TASK OBJECTIVE
Set the records down again in full, exactly as they are, apart from the images.

DATA TO EXAMINE

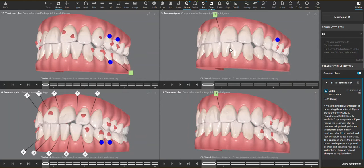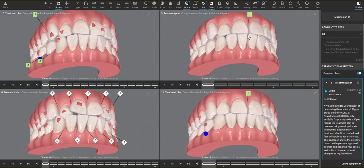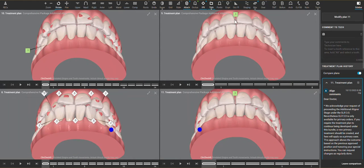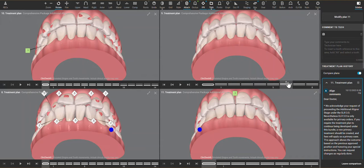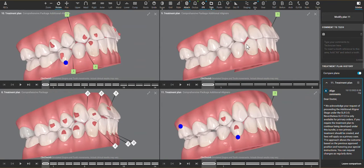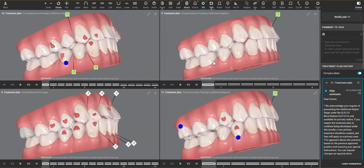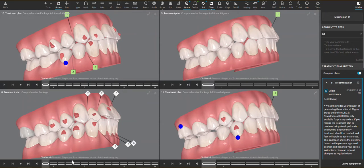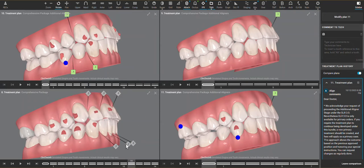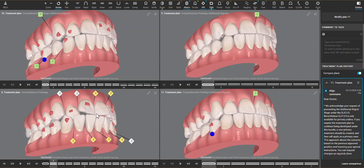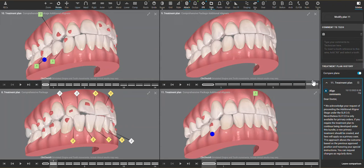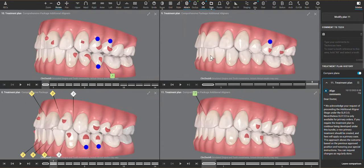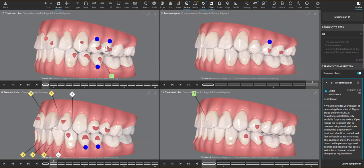As well as not leaving enough interincisal clearance to leave room for this space to really close. Additionally, bite ramps were not used here, therefore the molars may have had an opportunity to passively intrude. Bite ramps weren't going to be very effective in the beginning of this case because the patient started off end to end, but now that that's been relieved, that could be a contributing factor.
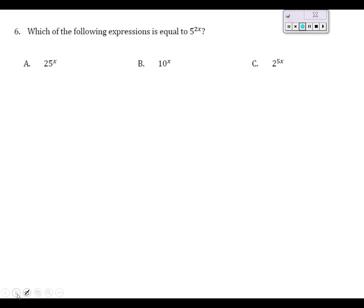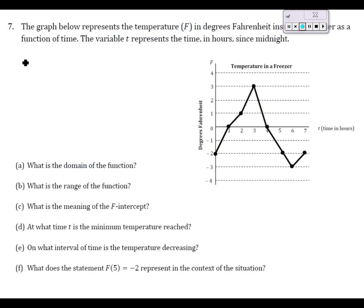Problem six asks which of three expressions equals five to the two x. Looking at choice A: can I write 25 in terms of base five? Yes, 25 is five squared, so five squared to the x is five to the 2x — that's what we're looking for. Choice B doesn't work because 10 is 2 times 5 but has nothing to do with exponents. Choice C switches the base to 2, but base five cannot be written as base two since both are prime. The answer is A.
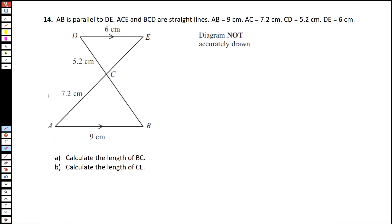For number 14, looking at this shape, you can notice these are parallel lines, which means the alternate angles are equal. This angle should equal that angle, and this angle should equal that one. So we have two triangles which are similar by their corresponding angles.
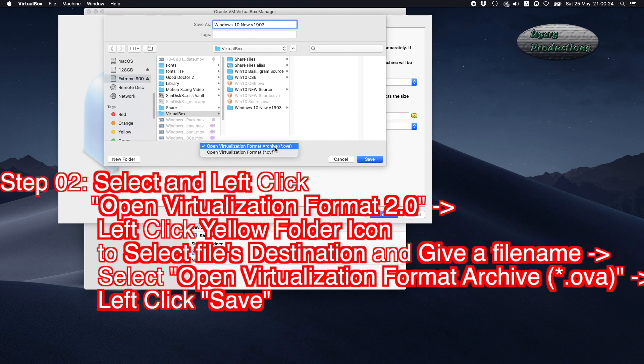Select Open Virtualization Format Archive (.ova), then left-click Save.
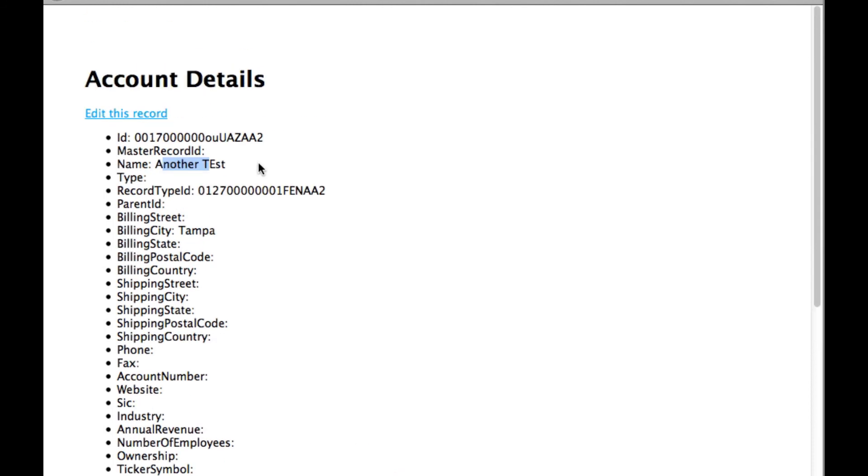That's a quick demo of how this Node application works using the REST API with Salesforce.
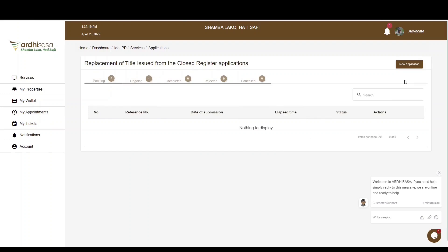There are five tabs: Pending, Ongoing, Completed, Rejected, and Canceled. The Pending tab is for applications you have initiated but not yet completed, or which still need action from your side or from parties involved. The Ongoing tab features applications you have submitted that are awaiting processing by the relevant ministry officials. The Completed tab is for applications approved by ministry officials. The Rejected tab is for applications rejected by the ministry, with reasons communicated to you on the application. The Canceled tab is for applications canceled by the different parties involved.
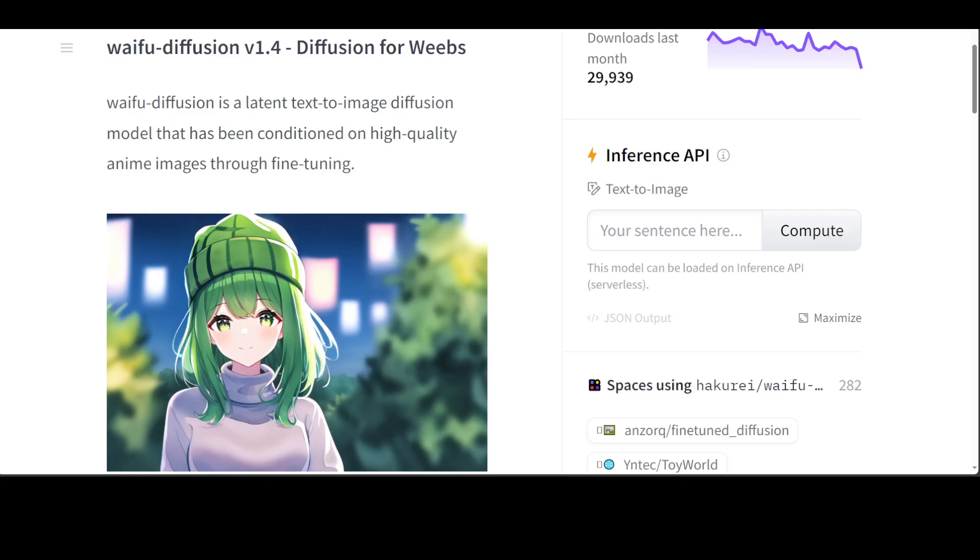Before I show you the process, a few heads up. First, this model is open access and available to all on Hugging Face. It has a Creative ML Open RAIL-M license which specifies rights and usages. This license says that you cannot use the model to deliberately reproduce nor share illegal or harmful output or content. Also, authors or this video doesn't have any rights on the output you generate and you may redistribute the weights if you like.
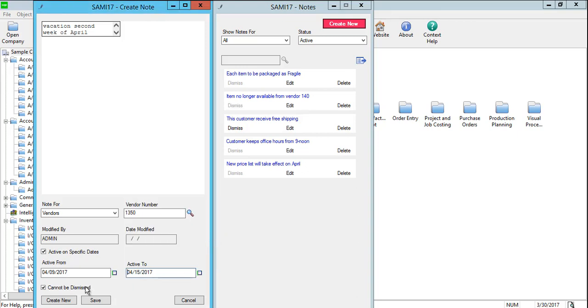The Cannot Be Dismissed checkbox is selected by default. Clear this option if you want users to be able to dismiss the note. If a user dismisses a note, that user will not see the note again unless they open the note screen and restore the note by clicking Restore.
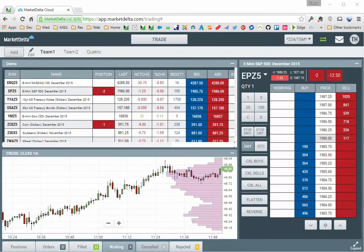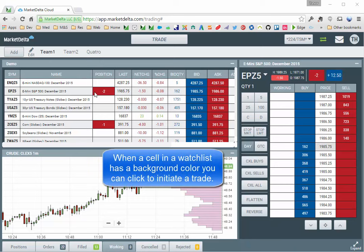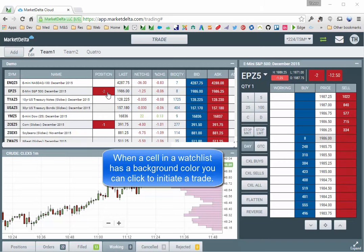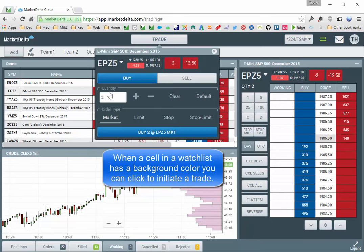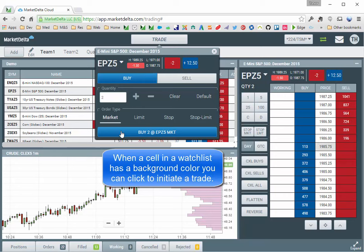There are a couple ways to trade from the watch list. First you have to have the watch list viewable. And the easy thing to know is any cell that has a background color, you can click and trade on it. So you can see I have a positions column, and I have a position here in the S&P E-mini. If I click this, it will open up the trade ticket. You can see my position is short two, but it brings the trade ticket up buy two market, allowing me to quickly flatten my position, which I'll go ahead and do now.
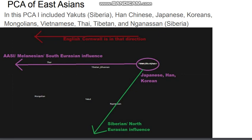The purple arrow represents ASI, Melanesian, or South Eurasian influence. Relative to Japanese, Han, and Koreans, the Thai have a very strong ASI influence. In green we see Siberian or North Eurasian influence, and the Nganasans are the ones with the strongest influence from this group. Japanese, Han, and Koreans once again occupy a very similar space — they are very close to one another and sit at the extremity of the East Eurasian cluster.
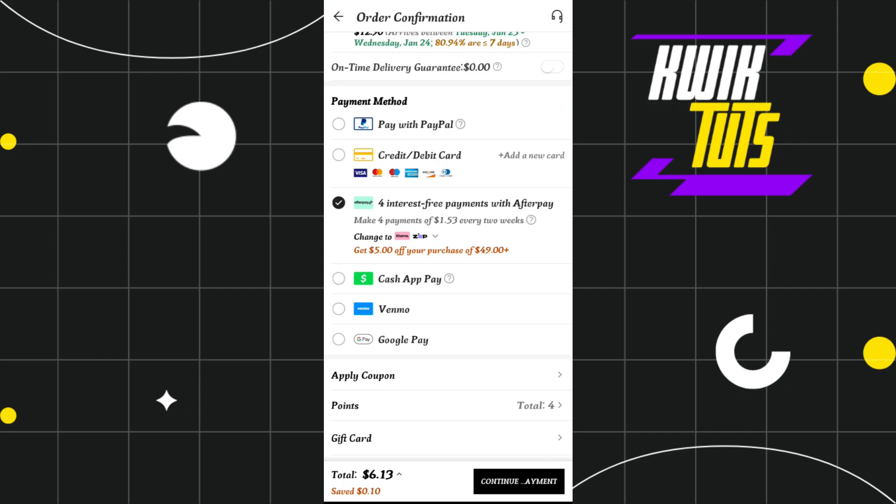After that, you again have to click on the continue payment option. If you redirect to this page again, follow further on-screen instructions to conclude your payment using Afterpay on Shein.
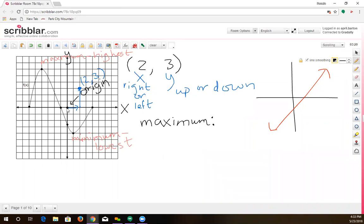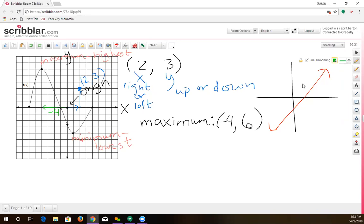Two people are saying negative four, six, which is very close. Since we are going left, that is considered the negative direction, so the 4 should be a negative 4. The 6 is going up, so it's positive. To the right is a positive value and to the left is negative. Going up is positive and down is negative. So left 4, up 6 takes us to that maximum value.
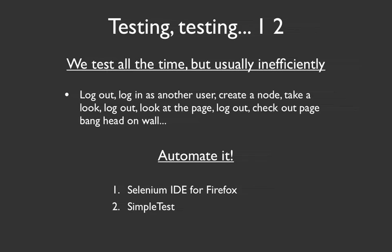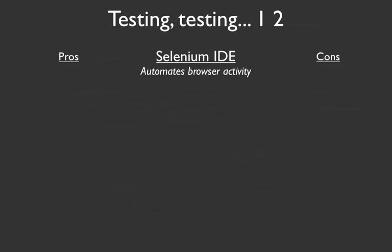But the two are rather different in their scope, and have some different benefits, and some things that aren't so great about them. So let's take a look at Selenium IDE from a pro-con standpoint. What is it that makes it good? What are some things we have to watch out for, and maybe we want to use something like SimpleTest for?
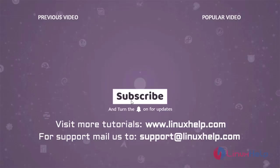Thank you for watching this video. If you like it, please subscribe to our channel. To learn more tutorials, visit www.linuxhelp.com. If you have any queries, please mail us at support@linuxhelp.com.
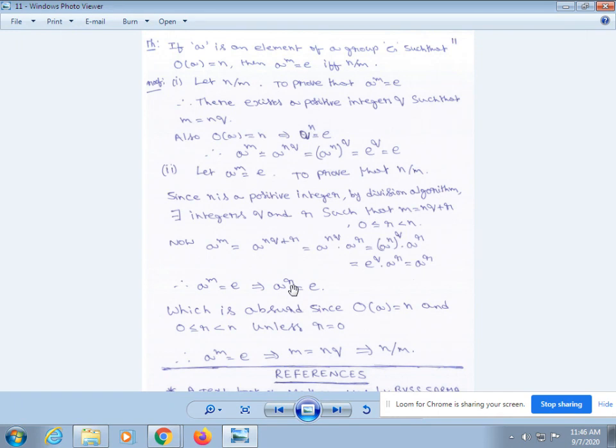Therefore, a^m = a^(nq) = (a^n)^q = e^q = e. Second part: let a^m = e. To prove that n divides m.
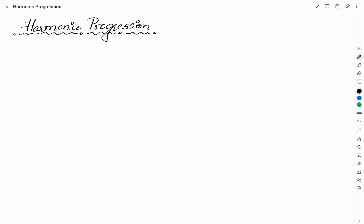Hello everyone, welcome to Vivid Chemi YouTube channel. This is Vidyashree. In this video I'll be discussing about harmonic progression. In order to understand the concept of harmonic progression, you need to know in detail about arithmetic progressions. If you don't know what arithmetic progression is, you can learn it by watching the video on arithmetic progression from my channel — click on the 'i' button appearing on the screen.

EXERCISE OUTPUT
As well as not leaving enough interincisal clearance to leave room for this space to really close. Additionally, bite ramps were not used here, therefore the molars may have had an opportunity to passively intrude. Bite ramps weren't going to be very effective in the beginning of this case because the patient started off end to end, but now that that's been relieved, that could be a contributing factor.
Problem six asks which of three expressions equals five to the two x. Looking at choice A: can I write 25 in terms of base five? Yes, 25 is five squared, so five squared to the x is five to the 2x — that's what we're looking for. Choice B doesn't work because 10 is 2 times 5 but has nothing to do with exponents. Choice C switches the base to 2, but base five cannot be written as base two since both are prime. The answer is A.
For number 14, looking at this shape, you can notice these are parallel lines, which means the alternate angles are equal. This angle should equal that angle, and this angle should equal that one. So we have two triangles which are similar by their corresponding angles.
Select Open Virtualization Format Archive (.ova), then left-click Save.
That's a quick demo of how this Node application works using the REST API with Salesforce.
There are five tabs: Pending, Ongoing, Completed, Rejected, and Canceled. The Pending tab is for applications you have initiated but not yet completed, or which still need action from your side or from parties involved. The Ongoing tab features applications you have submitted that are awaiting processing by the relevant ministry officials. The Completed tab is for applications approved by ministry officials. The Rejected tab is for applications rejected by the ministry, with reasons communicated to you on the application. The Canceled tab is for applications canceled by the different parties involved.
Before I show you the process, a few heads up. First, this model is open access and available to all on Hugging Face. It has a Creative ML Open RAIL-M license which specifies rights and usages. This license says that you cannot use the model to deliberately reproduce nor share illegal or harmful output or content. Also, authors or this video doesn't have any rights on the output you generate and you may redistribute the weights if you like.
The Cannot Be Dismissed checkbox is selected by default. Clear this option if you want users to be able to dismiss the note. If a user dismisses a note, that user will not see the note again unless they open the note screen and restore the note by clicking Restore.
There are a couple ways to trade from the watch list. First you have to have the watch list viewable. And the easy thing to know is any cell that has a background color, you can click and trade on it. So you can see I have a positions column, and I have a position here in the S&P E-mini. If I click this, it will open up the trade ticket. You can see my position is short two, but it brings the trade ticket up buy two market, allowing me to quickly flatten my position, which I'll go ahead and do now.
The purple arrow represents ASI, Melanesian, or South Eurasian influence. Relative to Japanese, Han, and Koreans, the Thai have a very strong ASI influence. In green we see Siberian or North Eurasian influence, and the Nganasans are the ones with the strongest influence from this group. Japanese, Han, and Koreans once again occupy a very similar space — they are very close to one another and sit at the extremity of the East Eurasian cluster.
After that, you again have to click on the continue payment option. If you redirect to this page again, follow further on-screen instructions to conclude your payment using Afterpay on Shein.
Two people are saying negative four, six, which is very close. Since we are going left, that is considered the negative direction, so the 4 should be a negative 4. The 6 is going up, so it's positive. To the right is a positive value and to the left is negative. Going up is positive and down is negative. So left 4, up 6 takes us to that maximum value.
But the two are rather different in their scope, and have some different benefits, and some things that aren't so great about them. So let's take a look at Selenium IDE from a pro-con standpoint. What is it that makes it good? What are some things we have to watch out for, and maybe we want to use something like SimpleTest for?
Thank you for watching this video. If you like it, please subscribe to our channel. To learn more tutorials, visit www.linuxhelp.com. If you have any queries, please mail us at support@linuxhelp.com.
Therefore, a^m = a^(nq) = (a^n)^q = e^q = e. Second part: let a^m = e. To prove that n divides m.
Hello everyone, welcome to Vivid Chemi YouTube channel. This is Vidyashree. In this video I'll be discussing about harmonic progression. In order to understand the concept of harmonic progression, you need to know in detail about arithmetic progressions. If you don't know what arithmetic progression is, you can learn it by watching the video on arithmetic progression from my channel — click on the 'i' button appearing on the screen.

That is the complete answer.